BEGIN
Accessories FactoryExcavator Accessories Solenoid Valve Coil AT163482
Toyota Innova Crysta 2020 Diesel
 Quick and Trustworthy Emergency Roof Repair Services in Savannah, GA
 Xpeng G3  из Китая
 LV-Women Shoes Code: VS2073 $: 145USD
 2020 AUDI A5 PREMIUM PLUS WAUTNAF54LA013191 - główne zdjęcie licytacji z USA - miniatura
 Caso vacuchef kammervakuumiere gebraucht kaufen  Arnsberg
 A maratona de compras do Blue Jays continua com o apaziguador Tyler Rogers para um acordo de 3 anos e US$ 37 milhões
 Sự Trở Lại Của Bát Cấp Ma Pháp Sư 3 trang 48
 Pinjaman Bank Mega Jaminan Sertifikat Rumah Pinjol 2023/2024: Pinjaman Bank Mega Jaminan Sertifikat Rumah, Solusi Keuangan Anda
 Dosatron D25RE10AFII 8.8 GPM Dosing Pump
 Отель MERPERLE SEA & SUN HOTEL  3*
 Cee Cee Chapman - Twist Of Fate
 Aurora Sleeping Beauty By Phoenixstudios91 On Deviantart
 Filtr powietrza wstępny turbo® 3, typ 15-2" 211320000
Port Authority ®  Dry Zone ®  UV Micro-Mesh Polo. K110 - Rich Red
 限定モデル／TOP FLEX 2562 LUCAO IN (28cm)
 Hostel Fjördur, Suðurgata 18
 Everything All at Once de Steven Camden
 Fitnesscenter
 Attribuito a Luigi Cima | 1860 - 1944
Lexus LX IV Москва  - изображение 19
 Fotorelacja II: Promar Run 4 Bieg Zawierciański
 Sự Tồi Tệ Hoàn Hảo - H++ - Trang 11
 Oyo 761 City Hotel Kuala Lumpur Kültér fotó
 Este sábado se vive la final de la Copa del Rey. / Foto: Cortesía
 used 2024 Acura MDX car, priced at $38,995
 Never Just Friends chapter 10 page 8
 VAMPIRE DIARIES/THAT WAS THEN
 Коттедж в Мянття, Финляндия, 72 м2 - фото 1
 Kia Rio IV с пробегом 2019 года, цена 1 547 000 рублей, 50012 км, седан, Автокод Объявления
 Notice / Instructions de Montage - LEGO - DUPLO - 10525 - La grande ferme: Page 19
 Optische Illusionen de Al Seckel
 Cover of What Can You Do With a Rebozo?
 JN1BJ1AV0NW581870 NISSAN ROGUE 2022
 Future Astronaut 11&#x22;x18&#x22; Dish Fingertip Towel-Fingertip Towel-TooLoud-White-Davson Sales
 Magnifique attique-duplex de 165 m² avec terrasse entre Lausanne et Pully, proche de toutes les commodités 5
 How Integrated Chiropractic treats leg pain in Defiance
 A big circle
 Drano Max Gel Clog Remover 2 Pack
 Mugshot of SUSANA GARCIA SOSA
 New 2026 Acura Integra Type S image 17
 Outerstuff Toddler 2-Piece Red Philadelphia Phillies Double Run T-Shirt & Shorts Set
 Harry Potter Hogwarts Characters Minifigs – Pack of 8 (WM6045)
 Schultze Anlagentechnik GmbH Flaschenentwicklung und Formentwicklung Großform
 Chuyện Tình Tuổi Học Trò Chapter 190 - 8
END
### Description of the task
Restate the entries above word for word, beginning with their first line and ending with the line holding "2020 AUDI A5"; omit everything else.

### Response box
Accessories FactoryExcavator Accessories Solenoid Valve Coil AT163482
Toyota Innova Crysta 2020 Diesel
 Quick and Trustworthy Emergency Roof Repair Services in Savannah, GA
 Xpeng G3  из Китая
 LV-Women Shoes Code: VS2073 $: 145USD
 2020 AUDI A5 PREMIUM PLUS WAUTNAF54LA013191 - główne zdjęcie licytacji z USA - miniatura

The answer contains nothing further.